Much is often made of Belly Dance being great for improving physically flexibility – but what about mental flexibility? It can give you a great mental workout as well.
Take last weekend. It seemed like a simple gig supporting the local International community. We’d come along and dance for their get together. First hurdle – did I have any Middle Eastern students? Ideally recent immigrants or children of immigrants? No, but I’m the child of Hungarian parents and some students are Dutch. So our support was declined – until 10 days before the event was to be held when they decided that my site included enough multicultural material for me to pass.
Next hurdle - no real timetable. Okay, I can adjust. I’m not totally anal about my schedule. But that meant some students who had firm commitments elsewhere were unable to take part. So, for a 10 minute performance we were on site almost two hours being part of the community. Probably good for us.
Then there was the choice of material. Nothing to alienate conservative Muslims. I bit my tongue as I knew we could do nothing right if any really conservatives turned up. However, we have a wide repertoire of folkloric items. Cane is always popular. Then I realised the venue was small with a low ceiling and people would be sitting up close. No cane. I suspected my beledi would be incomprehensible to non-Egyptians. No beledi. With those that I had available at short notice it would be ghawazee as a solo. Maybe. Ditto haggala – and as a woman well past the first flush of youth I’d not be a sensible choice.
Okay – khaleegi. Our stage piece is for 10 – but I could only get 4 at short notice. A good thing too. Did I tell you the stage was small? 3 by 10 – over here we think in metres – and that would have been small for the tableau. But the organizer was old school – this was feet. So, restage and reassign parts – this is a group framework with solos and duets not a choreography with everyone doing the same thing. Add two hours of rehearsal leading up to the show.
So, one student thought this would be a good time to refurbish her costume and she unpicks it and starts reassembling it by hand. (For those of you who have never made a khaleegi thobe there is over 6m of fabric – that’s 4m of sleeve hem to restitch with slippery sequinned fabric.) Three hours before we are due at the venue she rings to say she’ll never get it back together in time. Thank goodness for spare khaleegi thobes. Only, I made the class set out of cheap material and now it has to be ironed – by me. (Along with putting on make up and running a last minute rehearsal)

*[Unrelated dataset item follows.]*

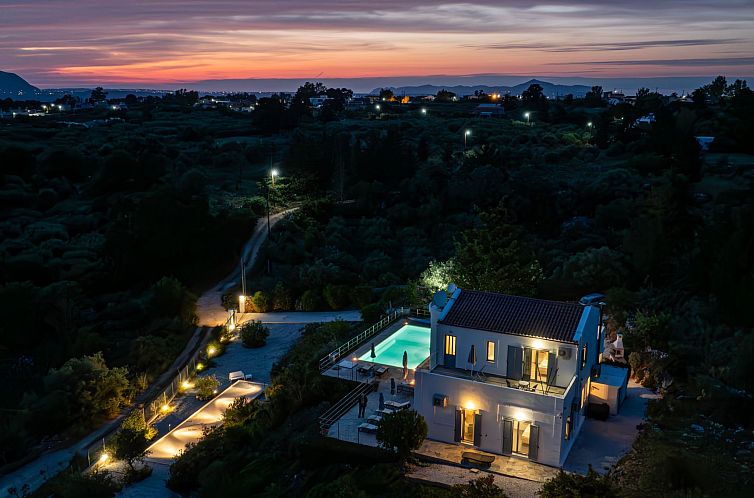 Vakantiehuis Villa vacanze "Agave Creta" con piscina privata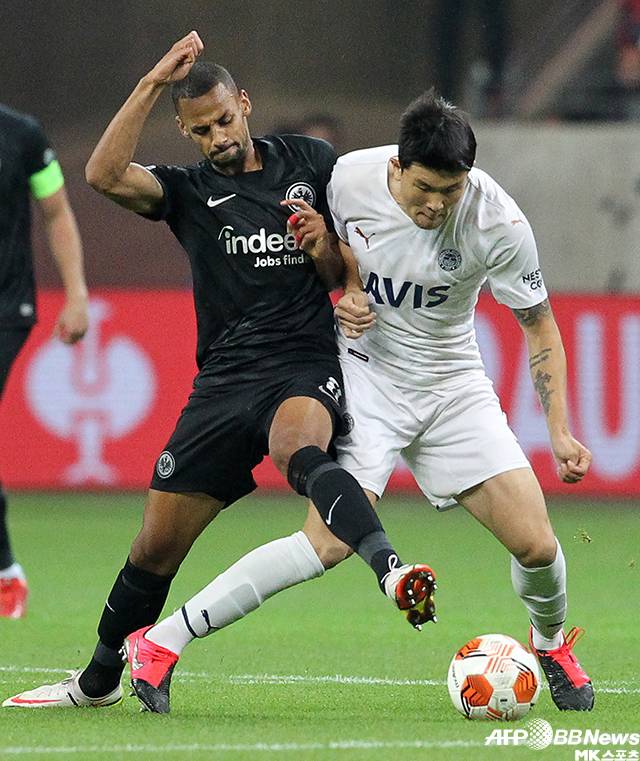 김민재(오른쪽)가 2021-22 UEFA 유로파리그 D조 1차전 원정경기에서 프랑크푸르트의 지브릴 소우(왼쪽)와 공을 다투고 있다. 사진(독일 프랑크푸르트암마인)=AFPBBNews=News1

Our second item? I took the easy route and did a stock belly dance piece – covering as much skin as possible with body stockings, sleeves and gauntlets. The audience –Korean, Japanese, Indian, Welsh, Australian and Somali - were not at all offended.
Overall, it went down very well. The students got a kick out of not only pulling off a nice piece of dance performance but also realizing that what they learn in class is not definitive. They are being given tools. They can adapt. Now they don’t just know this in the abstract – they know they can do it.